I really enjoyed the program.  I didn’t some with many expectations given the time restrictions but the

knowledge I obtained and the relationships that were built far exceeded my imagination

and really made this experience. I am thankful to the staff and team for their personality and diversity. 

The team was really well chosen.  Thank you for this opportunity!!

 

During Reading Week (February 19-23, 2007), University of Guelph students had the opportunity to volunteer and travel to Mississippi, Moose Factory (Aboriginal site), Nawash (Aboriginal site) and Calgary or volunteer and host a student from another Canadian university here in Guelph.

Each February, during the winter semester Reading Week, PROJECT SERVE CANADA enables students from the University of Guelph to connect with students from other universities and communities. Together, these students serve in collaboratively designed four or five day volunteer placements.

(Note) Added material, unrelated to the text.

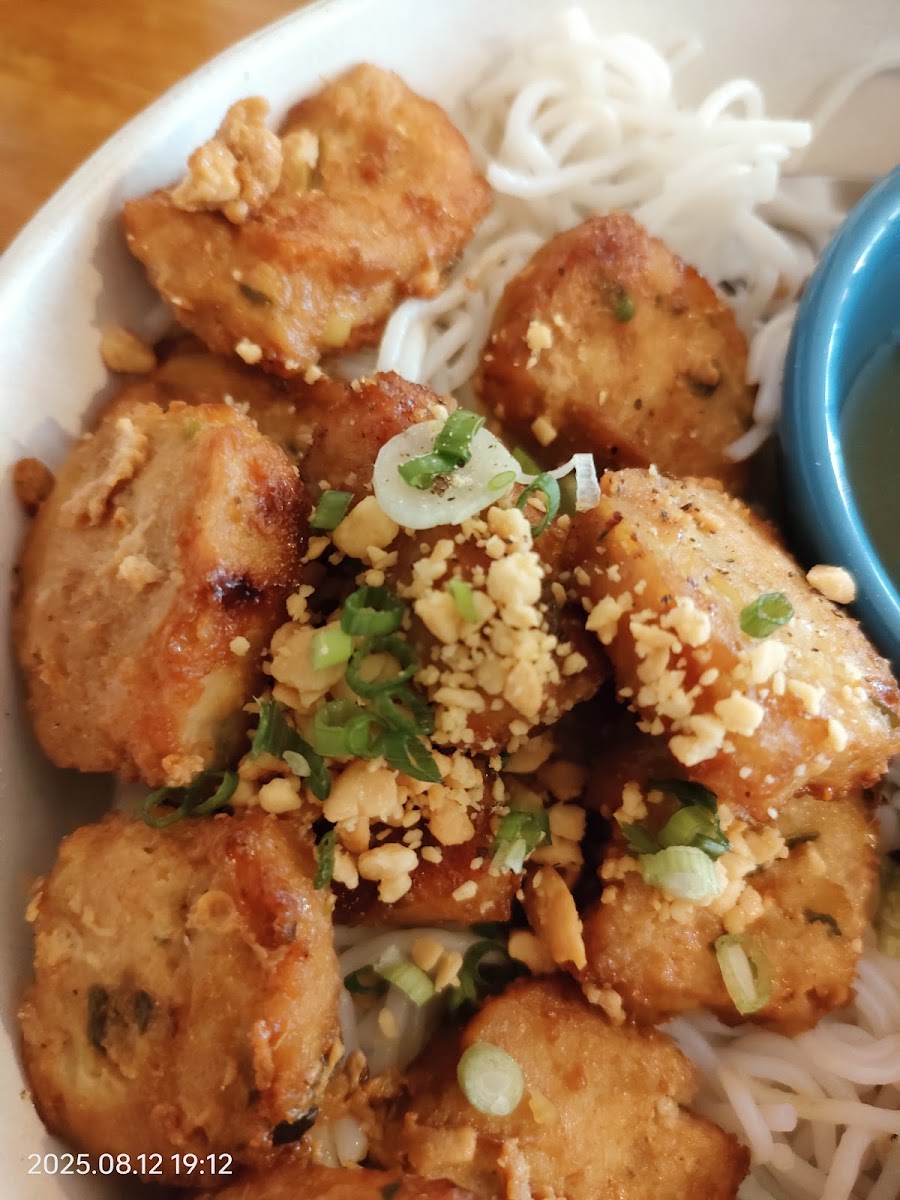 Bo-Bun 2 Go Photos 2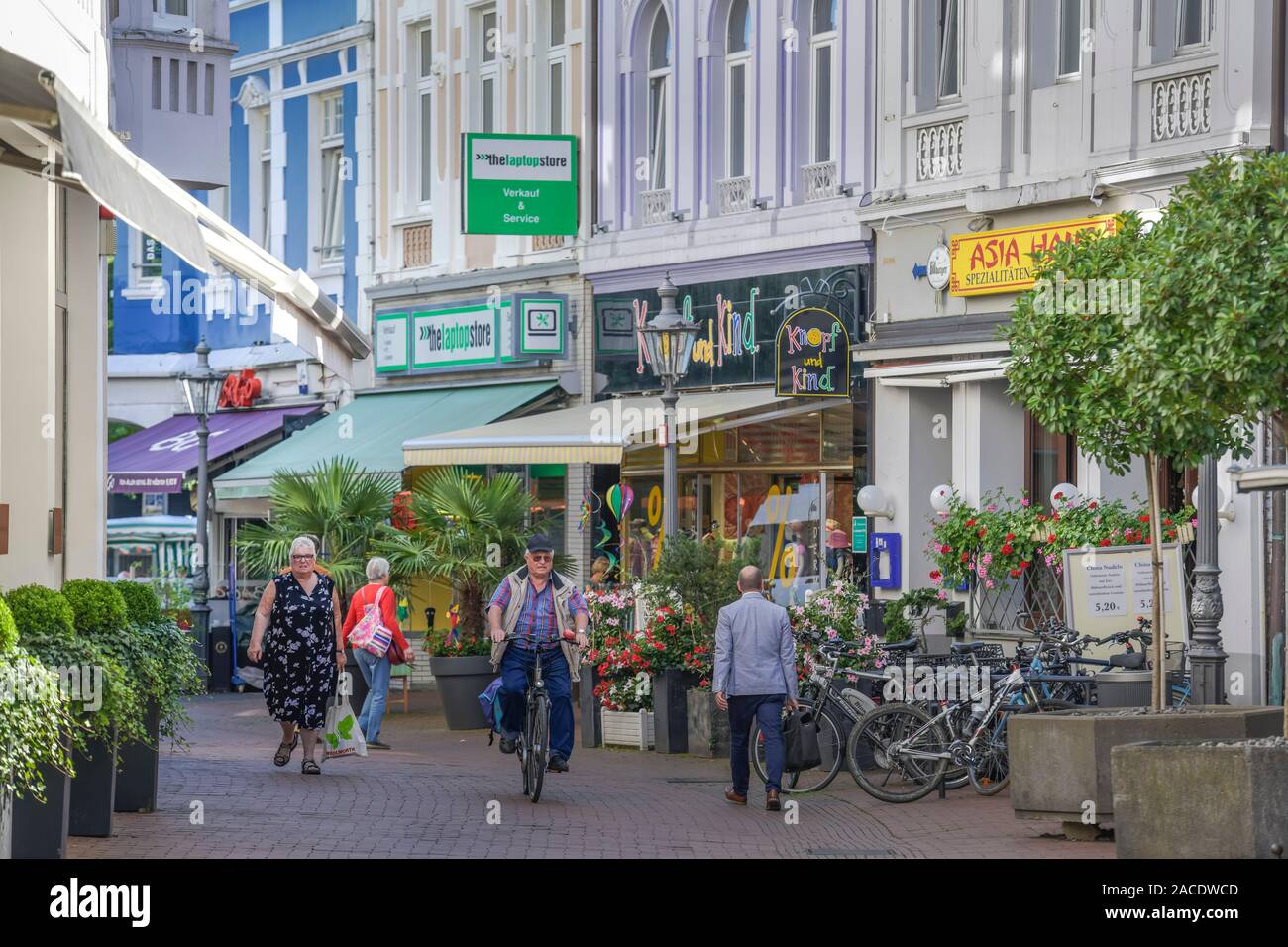 Straßenszene, Bürgerstraße, Bad Godesberg, Bonn, Nordrhein-Westfalen, Deutschland Banque D'Images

Integrated within these immersion service experiences are a variety of learning opportunities. Education and reflection components are implemented to raise awareness in the students on critical social issues and to encourage the development of a lifelong sense of responsible national citizenship in these young adults.

 

Guelph (16 University of Guelph Students, 1 professional staff)

The University of Guelph and the University of Calgary partnered to explore issues of HIV/AIDS, in collaboration with the AIDS Committee of Guelph-Wellington.  The students were trained in HIV prevention, then developed and facilitated their own workshops at local high schools.  There was also an excursion to see the services available to people living with HIV/AIDS in the city of Toronto.

Moose Factory (5 University of Guelph Students, 1 professional staff)
In partnership with the Mennonite Central Committee, students from Conrad Grebel College at the University of Waterloo and University of Guelph students worked with resource people in Timmins, Moosonee and Moose Factory to learn about the history, culture and issues facing northern First Nations communities. The theme of the program was “Learning through Service.  Doing through Listening.”  Some of the locations where they furthered their learning were attending Tribal Council meetings, in a Teaching Tepee, and in a Friendship Centre.

 

Nawash/Cape Croker (13 University of Guelph Students, 3 professional staff)
In partnership with Cape Croker First Nation/Chippewas of Nawash, 13 students from the University of Guelph did volunteer placements within the community. Students learned about the variety of economic development challenges and opportunities, and the social service provision in the community including schools, the daycare, senior centre, fisheries, band office and women's shelter.

 

Mississippi (41 University of Guelph Students, 2 professional staff)

This year’s program in Mississippi followed up on partnership that began in response to the Hurricane Katrina disaster in September 2005.  The University of Guelph has partnered with the University of Southern Mississippi's Office of Community Service Learning to offer this joint initiative for Reading Weeks 2006 and 2007. Together, students from both universities assisted with Hurricane Katrina relief and rebuilding efforts in the region and explored the theme of the Civil Rights movement in Hattiesburg, Mississippi.  Some of the students had the opportunity to work with the Department of Oral History to interview locals in an effort to document their post-Katrina stories.

 

Calgary (11 University of Guelph Students, 2 professional staff)

The University of Guelph and University of Calgary partnered to explore issues of urban poverty and homelessness.  The community partner in Calgary was the McMan Youth, Family and Children’s Services which supports the needs of at-risk youth, especially those who are homeless. They operate a shelter, a drop in and various outreach programs. Guelph and University of Calgary students toured facilities, received orientation and training, in preparation for a Tuesday night "walk" into the streets of Calgary to bring food to homeless youth and to talk to them about their needs and which resources they're currently accessing. On Wednesday night, the project focused on a recreation activity with the teenagers who currently live in the McMan shelters, or use their resources.